On sait par l’historien Théopompe, contemporain de Philippe et d’Alexandre, que les Mages de l’époque achéménide donnaient au monde une existence limitée, divisée en périodes égales de trois mille ans. Ormazd et Ahriman régnaient alternativement durant les deux premières périodes de trois mille ans : ils luttaient ensemble et détruisaient l’un l’autre leur œuvre durant la période suivante ; enfin (τέλος (telos)) Ahriman était vaincu, et les hommes vivaient heureux, n’avaient plus besoin de nourriture et ne faisant point d’ombre^^1.

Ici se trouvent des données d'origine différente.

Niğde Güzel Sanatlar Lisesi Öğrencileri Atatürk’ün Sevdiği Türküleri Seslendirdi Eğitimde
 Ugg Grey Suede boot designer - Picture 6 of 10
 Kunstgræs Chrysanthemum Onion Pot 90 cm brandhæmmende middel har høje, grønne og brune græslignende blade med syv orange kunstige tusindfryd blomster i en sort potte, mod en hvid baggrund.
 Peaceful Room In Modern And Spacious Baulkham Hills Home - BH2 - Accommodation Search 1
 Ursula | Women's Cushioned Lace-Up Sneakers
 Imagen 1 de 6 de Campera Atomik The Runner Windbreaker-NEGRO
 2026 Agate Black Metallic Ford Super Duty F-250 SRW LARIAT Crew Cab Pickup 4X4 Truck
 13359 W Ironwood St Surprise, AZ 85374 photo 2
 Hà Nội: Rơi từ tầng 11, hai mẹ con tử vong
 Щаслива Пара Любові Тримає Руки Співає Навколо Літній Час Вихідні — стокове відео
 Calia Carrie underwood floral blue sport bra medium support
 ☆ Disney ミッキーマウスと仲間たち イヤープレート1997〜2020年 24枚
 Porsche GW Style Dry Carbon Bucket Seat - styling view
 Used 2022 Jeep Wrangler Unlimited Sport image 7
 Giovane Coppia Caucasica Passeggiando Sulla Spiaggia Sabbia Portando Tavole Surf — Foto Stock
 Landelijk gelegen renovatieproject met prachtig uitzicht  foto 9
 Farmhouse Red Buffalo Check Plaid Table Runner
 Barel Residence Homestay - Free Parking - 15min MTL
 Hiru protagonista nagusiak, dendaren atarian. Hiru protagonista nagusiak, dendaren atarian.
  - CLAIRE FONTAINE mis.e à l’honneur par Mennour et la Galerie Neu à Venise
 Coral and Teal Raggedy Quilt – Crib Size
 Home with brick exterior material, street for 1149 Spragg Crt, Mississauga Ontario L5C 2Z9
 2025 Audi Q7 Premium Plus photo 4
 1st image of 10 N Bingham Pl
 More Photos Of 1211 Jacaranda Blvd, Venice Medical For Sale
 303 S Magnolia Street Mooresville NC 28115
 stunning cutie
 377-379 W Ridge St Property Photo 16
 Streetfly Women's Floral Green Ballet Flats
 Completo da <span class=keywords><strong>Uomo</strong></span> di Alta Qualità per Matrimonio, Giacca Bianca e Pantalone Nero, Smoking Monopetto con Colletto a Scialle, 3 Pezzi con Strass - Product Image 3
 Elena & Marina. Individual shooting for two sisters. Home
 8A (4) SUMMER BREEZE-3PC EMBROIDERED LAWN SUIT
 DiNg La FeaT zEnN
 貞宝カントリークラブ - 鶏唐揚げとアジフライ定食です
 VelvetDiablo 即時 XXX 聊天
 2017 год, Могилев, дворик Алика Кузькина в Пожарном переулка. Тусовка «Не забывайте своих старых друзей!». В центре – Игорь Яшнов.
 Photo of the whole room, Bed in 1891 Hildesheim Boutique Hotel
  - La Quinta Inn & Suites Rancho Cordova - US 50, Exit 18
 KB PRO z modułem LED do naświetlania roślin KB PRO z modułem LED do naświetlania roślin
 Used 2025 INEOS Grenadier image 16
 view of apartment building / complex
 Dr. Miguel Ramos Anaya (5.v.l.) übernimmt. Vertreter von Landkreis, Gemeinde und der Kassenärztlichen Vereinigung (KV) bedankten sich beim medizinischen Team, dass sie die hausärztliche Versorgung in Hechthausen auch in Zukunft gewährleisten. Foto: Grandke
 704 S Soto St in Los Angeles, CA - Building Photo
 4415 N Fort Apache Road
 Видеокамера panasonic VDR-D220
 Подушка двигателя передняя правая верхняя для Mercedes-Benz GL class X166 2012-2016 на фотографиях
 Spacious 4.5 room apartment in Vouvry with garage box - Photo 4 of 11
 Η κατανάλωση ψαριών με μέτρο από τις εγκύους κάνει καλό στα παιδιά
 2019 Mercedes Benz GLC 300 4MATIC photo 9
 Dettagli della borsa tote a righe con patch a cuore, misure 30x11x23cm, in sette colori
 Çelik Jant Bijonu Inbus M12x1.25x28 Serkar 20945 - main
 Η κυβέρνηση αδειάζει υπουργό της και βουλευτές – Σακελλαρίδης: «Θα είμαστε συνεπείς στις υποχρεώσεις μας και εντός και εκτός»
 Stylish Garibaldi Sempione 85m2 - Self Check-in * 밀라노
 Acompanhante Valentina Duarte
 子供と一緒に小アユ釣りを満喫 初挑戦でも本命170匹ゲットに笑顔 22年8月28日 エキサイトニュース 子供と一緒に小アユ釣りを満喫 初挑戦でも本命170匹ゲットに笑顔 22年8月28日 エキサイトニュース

Cette conception du Magisme achéménide, nous la retrouvons dans le Bundahish. Le monde dure douze mille ans : la troisième période, comme dans Théopompe, est remplie par le mélange et la lutte des deux principes ; la quatrième période, ouverte par l’apparition de Zoroastre et par la Révélation, est remplie par la victoire progressive et finalement décisive d’Auhrmazd, aboutissant à la ruine d’Ahriman, à la résurrection et au règne de la vie future. Il est probable que le τέλος (telos) de Théopompe répond à cette quatrième et dernière période et couvre les trois derniers milléniums. Mais où les deux conceptions diffèrent, c’est dans l’emploi des deux premières périodes. Avant Alexandre, elles appartenaient, à lourde rôle, à chacun des deux adversaires ; elles ont dans le Bundahish une signification bien plus compliquée et toute métaphysique. Durant l’une et l’autre période, le monde appartient à Ormazd ; mais durant la première, le monde n’a qu’une existence purement spirituelle ; c’est dans la seconde qu’il entre dans la réalité matérielle, « Auhrmazd, dit le Bundahish, créa le monde d’une façon spirituelle…, pendant trois mille ans, le monde resta sans corruption, sans mouvement, insaisissable^^2. » Dans les trois mille

1. De Iside et Osiride, 47.

2. apash mînôîhâ zag dâm… frâj brahînêt ; 3000 shant dâm dar mînôi yakôya mûnât, aîgh yahvûnt havâ-nd amûîtâr aravâg agriftâr Bundahish I, 8). — Albiruni (Chronology, 17), résumant une source analogue, mais matérialiste, dit : « Le globe céleste resta sans mouvement, les éléments ne se mêlaient pas, il n’y avait ni croissance, ni dépérissement, et la terre n’était point cultivée ».